*** Provided data Section Begins ***

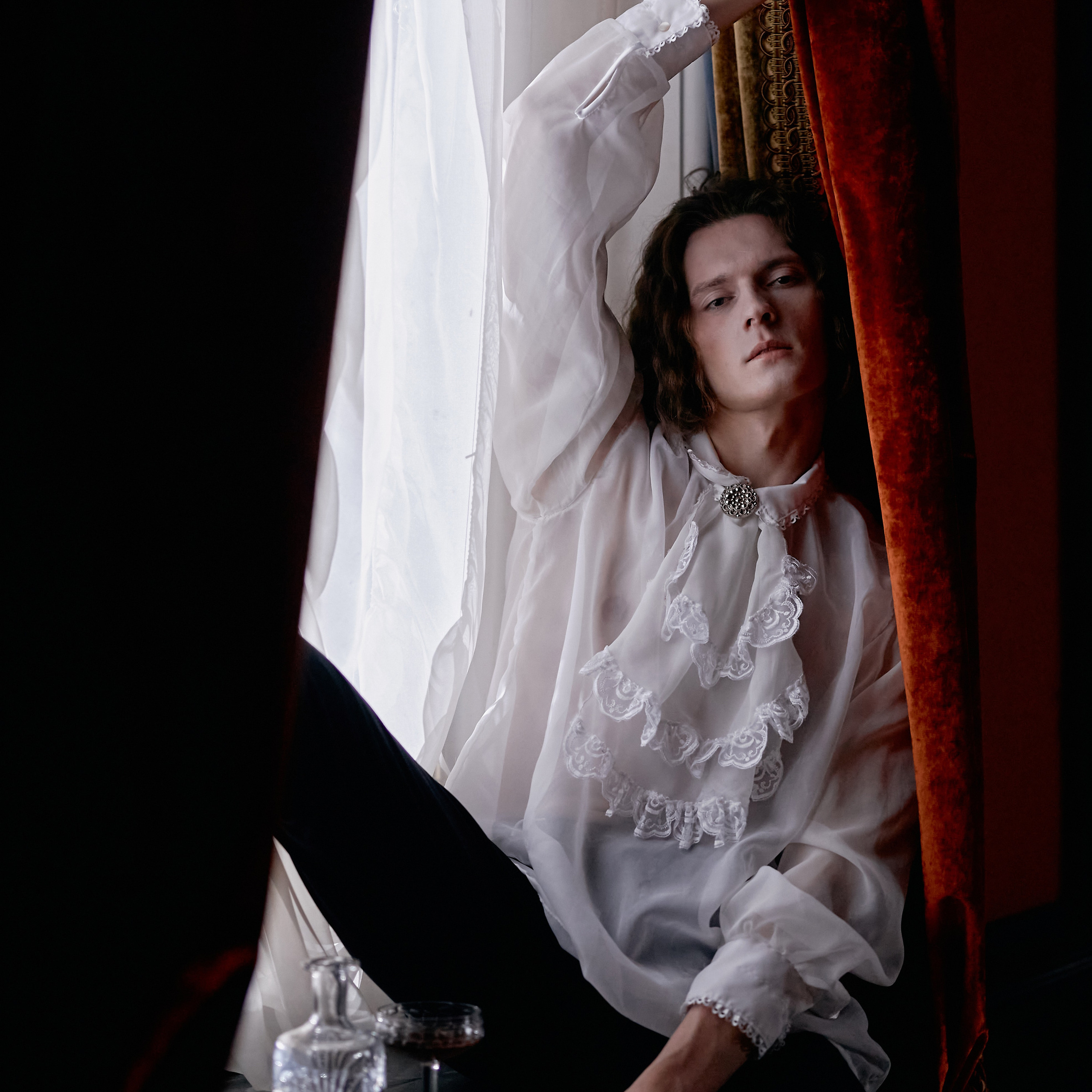 Feedback. Wedding and family photographer in New York Paula Munoz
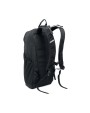 4DO Wander-Rucksack 18L Taschen personalisierbar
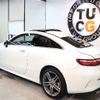 mercedes-benz e-class 2017 -MERCEDES-BENZ--Benz E Class DBA-238348C--WDD2383482F004950---MERCEDES-BENZ--Benz E Class DBA-238348C--WDD2383482F004950- image 13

*** Provided data Section Ends ***

## What you should do
Please write out every line of the listing above exactly, and leave the images behind.

## Response
 Feedback. Wedding and family photographer in New York Paula Munoz
 4DO Wander-Rucksack 18L Taschen personalisierbar
 mercedes-benz e-class 2017 -MERCEDES-BENZ--Benz E Class DBA-238348C--WDD2383482F004950---MERCEDES-BENZ--Benz E Class DBA-238348C--WDD2383482F004950- image 13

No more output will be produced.